* **WHAT IS EXPECTED**
When you write out the listing, keep every word as it stands and drop the pictures.

* **SUPPLIED DATA**
○ ○ ○ ○ ○ ○ ○

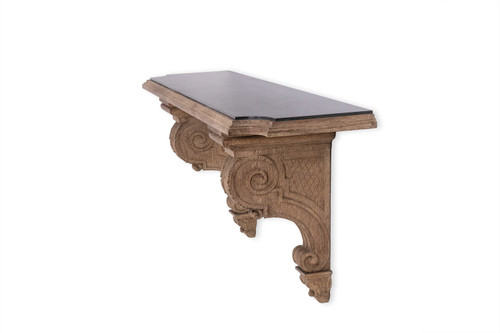 Jean-Charles Moreux. Carved oak and marble console table. Circa 1940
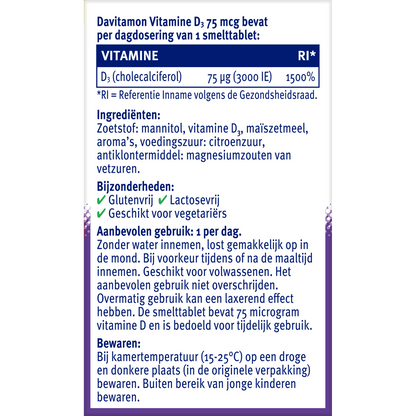 Davitamon Vitamine D3 75mcg 75.00 Smelttabletten
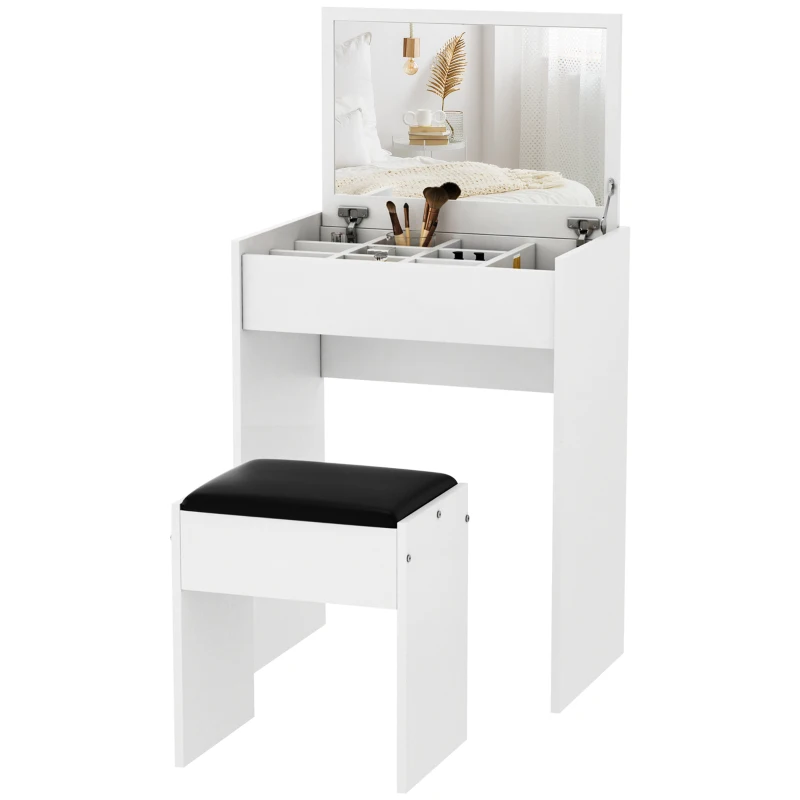 HOMCOM Postazione Trucco con Specchio Richiudibile, Toeletta Trucco Moderno, con Sgabello, Vano Contenitore a 10 Scomparti, MDF Bianco, 60.2 x 40.2 x 79cm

○ ○ ○ ○ ○ ○ ○

* **TASK OUTPUT**
 Jean-Charles Moreux. Carved oak and marble console table. Circa 1940
 Davitamon Vitamine D3 75mcg 75.00 Smelttabletten
 HOMCOM Postazione Trucco con Specchio Richiudibile, Toeletta Trucco Moderno, con Sgabello, Vano Contenitore a 10 Scomparti, MDF Bianco, 60.2 x 40.2 x 79cm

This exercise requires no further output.